|By Gilad Parann-Nissany||
|November 30, 2011 01:15 PM EST||
Recently, in our post on Database security in the cloud, we reviewed the threats against database installations in the cloud and best practices for protecting your data. A number of customers have asked us follow-on questions:
- Which database brands are open and tested with these techniques?
- What are the most significant gotchas?
- What performance, scalability and fail-safe characteristics can they expect when securing their database in the cloud?
We have found that all the major relational database brands (MySQL, Oracle, Microsoft SQL Server, and IBM DB2, among others) can work well in this scenario. Essentially, the approach places an encrypted disk “under” the database engine, and from the engine point of view the encryption is transparent. This meshes well with most OLTP implementations and is extremely cost effective as well as simple to use.
In terms of gotchas and common errors, they are actually what you would expect. This is probably because the basic technique for encrypting databases in the cloud meshes well with common techniques that people use in data centers as well. The most significant step is simply to place the data files that underlie the database in a well defined folder, and make sure that folder is on your encrypted disk. Here are two examples for MySQL on Ubuntu, and Oracle.
Everybody asks the performance question. Again this is straightforward. It is a direct consequence of the cloud topology.
First, assess the expected throughput of your database. Second, assess the throughput possible in your cloud’s network. If the latter is higher than the former, the basics are in place.
Now you need to make sure your Encryption Appliance (for example, see Porticor) is able to handle that throughput.
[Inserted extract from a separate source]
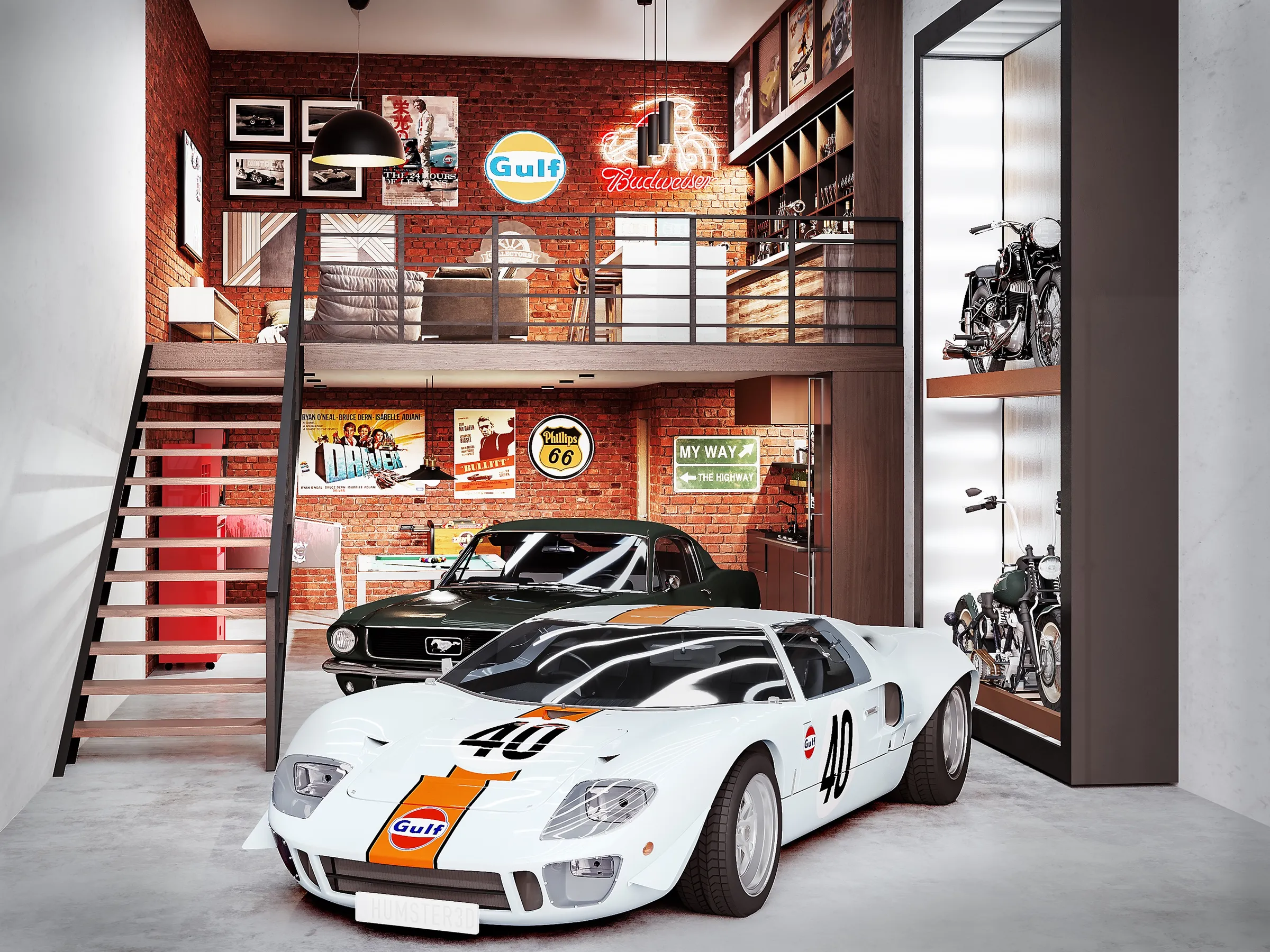 3D interior rendering by NoTriangle Studio of the Detroit unit at Trove car condominiums in Richmond, BC, designed by Truspace: exposed red brick hung with vintage racing and film posters and enamel signs, a white Ford GT40 with an orange stripe and a dark green classic Mustang on a concrete floor, a steel stair up to a lounge mezzanine with a bar, and a tall glass case displaying two motorcycles.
You need a supplier that can give you a range of sizes from free evaluation, through small testing projects to the largest behemoths.
Very important is the ability to scale securely, and to ensure fail-over. You need an approach that supports multi-instance clusters, is able to manage encryption keys securely in this clustered scenario, and is amenable to well-known techniques such as RAID.
If you follow these guidelines and bring up your encrypted database in the cloud, you’ll get a robust and enterprise-worthy implementation.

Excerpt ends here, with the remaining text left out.